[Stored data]

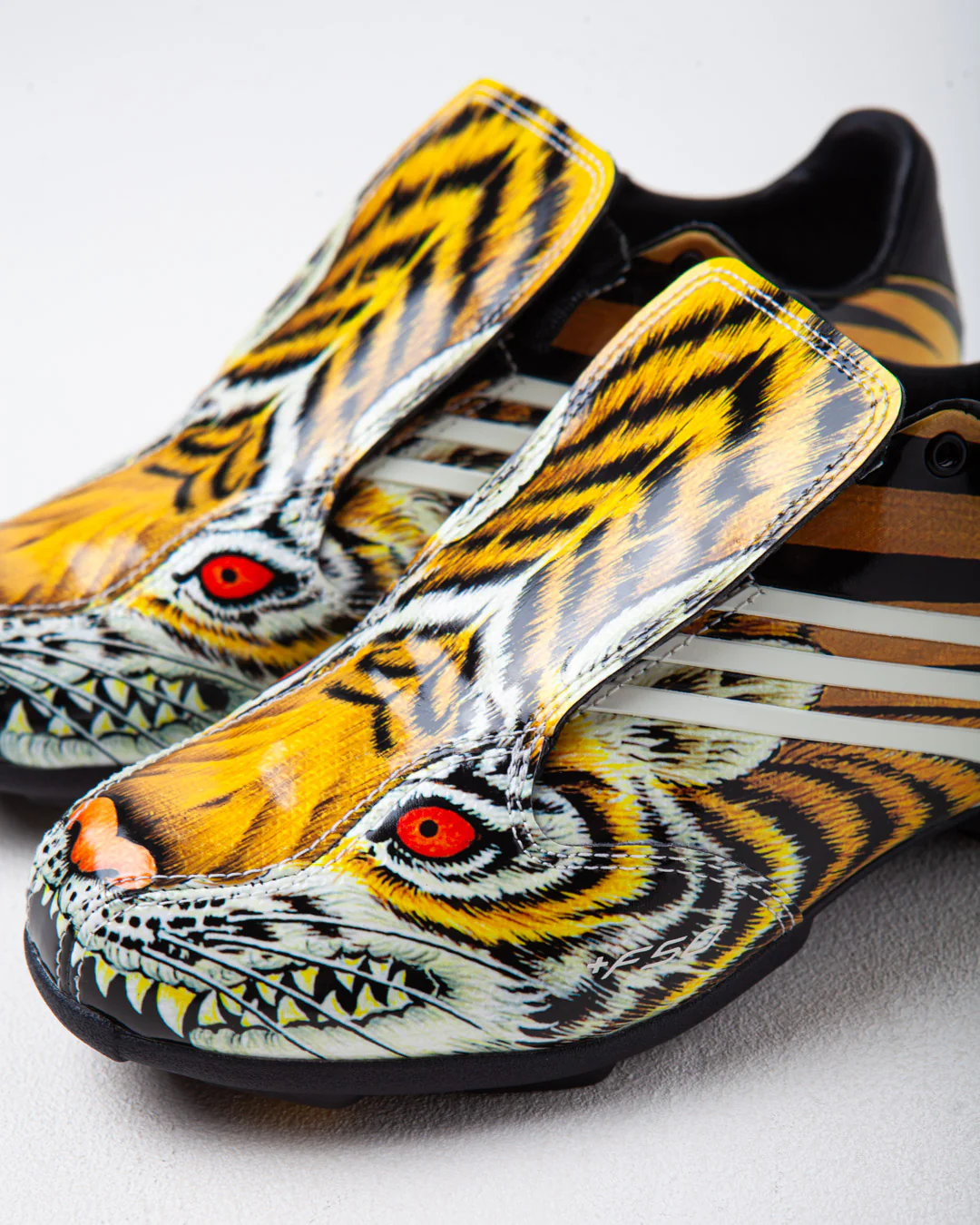 Y-3 F50 Tunit Beast Pack Tiger - Image 4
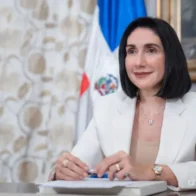 La primera dama dominicana le dice al papa: "Le esperamos, le esperamos"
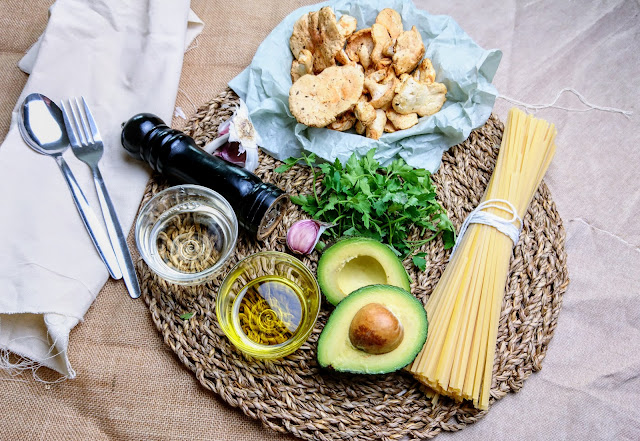 Ingredienti per Linguine con Funghi Selvatici e Pesto Cremoso di Avocado e Prezzemolo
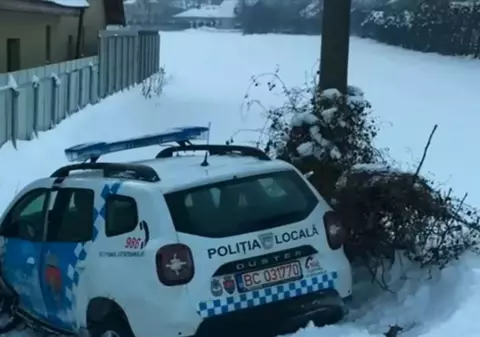 Şeful Poliţiei Locale Bacău a ajuns cu Duster-ul instituției în șanț. Martorii povestesc că era mangă de beat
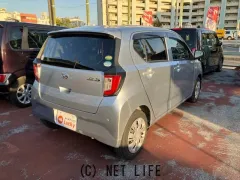 ダイハツ ミライース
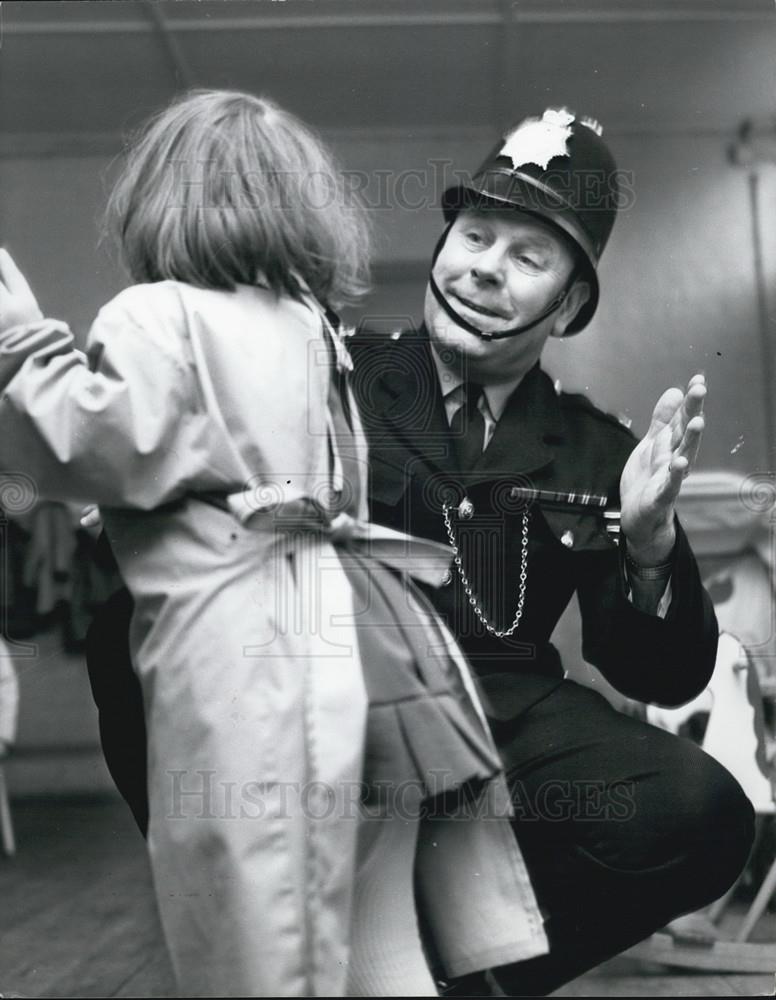 Press Photo Hello, to a little girl from the kindly Sergeant. - Historic Images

What is expected> The lines to copy run from the line containing "La primera dama" through the end of the data above; copy exactly those, minus the pictures.

Response area>
 La primera dama dominicana le dice al papa: "Le esperamos, le esperamos"
 Ingredienti per Linguine con Funghi Selvatici e Pesto Cremoso di Avocado e Prezzemolo
 Şeful Poliţiei Locale Bacău a ajuns cu Duster-ul instituției în șanț. Martorii povestesc că era mangă de beat
 ダイハツ ミライース
 Press Photo Hello, to a little girl from the kindly Sergeant. - Historic Images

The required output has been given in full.